You never ever ever put more acid in a battery. The ratio of acid to water is just right for the battery, and only water is ever lost from a battery, so only water ever goes back in it.
From there GEL batteries came along. Instead of loose sloshing water and acid, the liquid was put in a gel state. This allowed for different mounting options, lower discharge capabilities, no gassing off, and generally longer life IF it was in the right application. They work great in applications that are deep cycling, especially with a low draw and a low recharge rate. They are not suitable for a starting battery for a car.
Next was AGM batteries. Similar to GEL in that the water is absorbed by glass matting (AGM) and can handle vibration better, can be mounted inside the car (very very little gassing off when charging) as well as having many more starts to them than a typical lead acid car battery. Some specialty AGM batteries have insane cold cranking abilities, and even the typical ones can handle what a battery needs to do so much better. AGM car batteries have many more cycles (how many times it will work and recharge) than a lead acid car battery does. They also recharge faster than a lead acid.
EFB has come along now too, it stands for Enhanced Flooded Battery. This a regular lead acid flooded battery on steroids. It fits somewhere between lead acid and AGM. Vehicles with stop/start technology need them because the vehicle turns off and on so many times, the battery has to be able to handle it. Some require AGM for start/stop, it depends on what the manufacturer designed for the car.
As a rule of thumb you should replace your car battery with the type the manufacturer designed to go in it in the first place.
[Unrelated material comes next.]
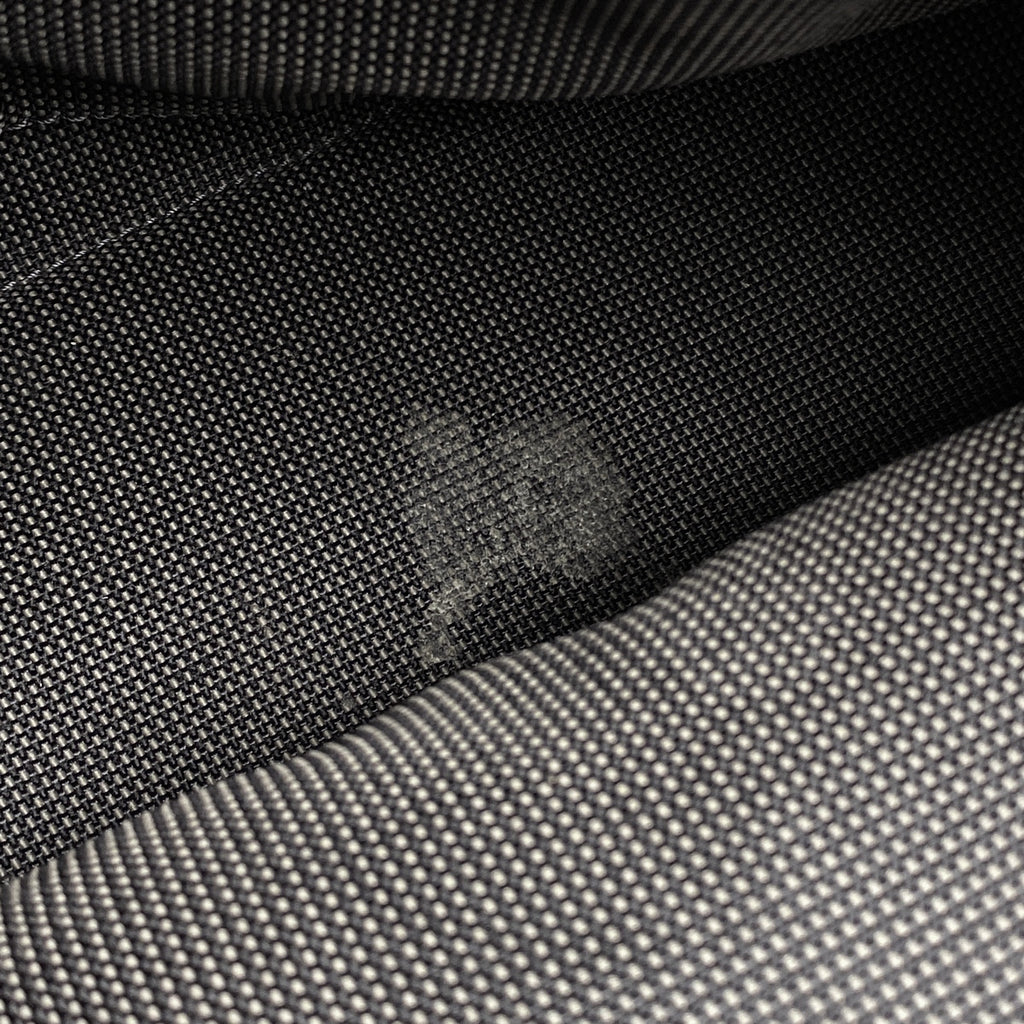 エルメス エールライン トート PM ハンドバッグ トートバッグ ナイロンキャンバス グレー レディース 【中古】brbag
It won’t be long before every new car sold will have start/stop technology. This means the battery has to be able to handle it. The more heavy duty a battery is, the more it costs to make.
Regardless of type of battery, it costs a certain amount to make them a certain way. More expensive ingredients in order to provide for higher demand are required. One simple thing to make a cheaper battery is to use less lead in it. If there is less lead there is less power. If there is less power, there is shorter life span. There can be lead, lead paste, antimony, calcium, sulphuric acid, lead dioxide, silica, sponge lead, tin, selenium, and so on in your car battery.
There are some things that any battery, just can’t keep up with:
- Short, infrequent trips. (alternator never charges it fully, decreasing life span)
- Listing to tunes with the car off for long. (battery isn’t meant to be drained that low)
- Very hot weather for a long time. (hot is actually worse than cold on a battery)
- Letting them sit not in use, hooked up or not. (they self discharge on their own)
- Hooking up high power stereos, winches, extra lights. (they just weren’t built for it)
Manufacturer’s build the batteries to meet certain specifications. If you were to order 1000 batteries and demand they cost you $100 each, then the manufacturer will simply make the battery cheaper. (weaker) If you were to order 1000 batteries and say I want them to be as good as they can be made, you tell me the cost, then they will be made much better. There aren’t a lot of manufacturer’s compared to battery stores, so a lot of them are a very similar battery with a different sticker. One thing we do here at Pacific Batteries, is to load test the batteries before we buy them no matter who makes them, to verify what they will hold up to.
They all have pro’s and con’s, and at the end of the day it is best to ask a battery specialist what is the best overall value battery for your car.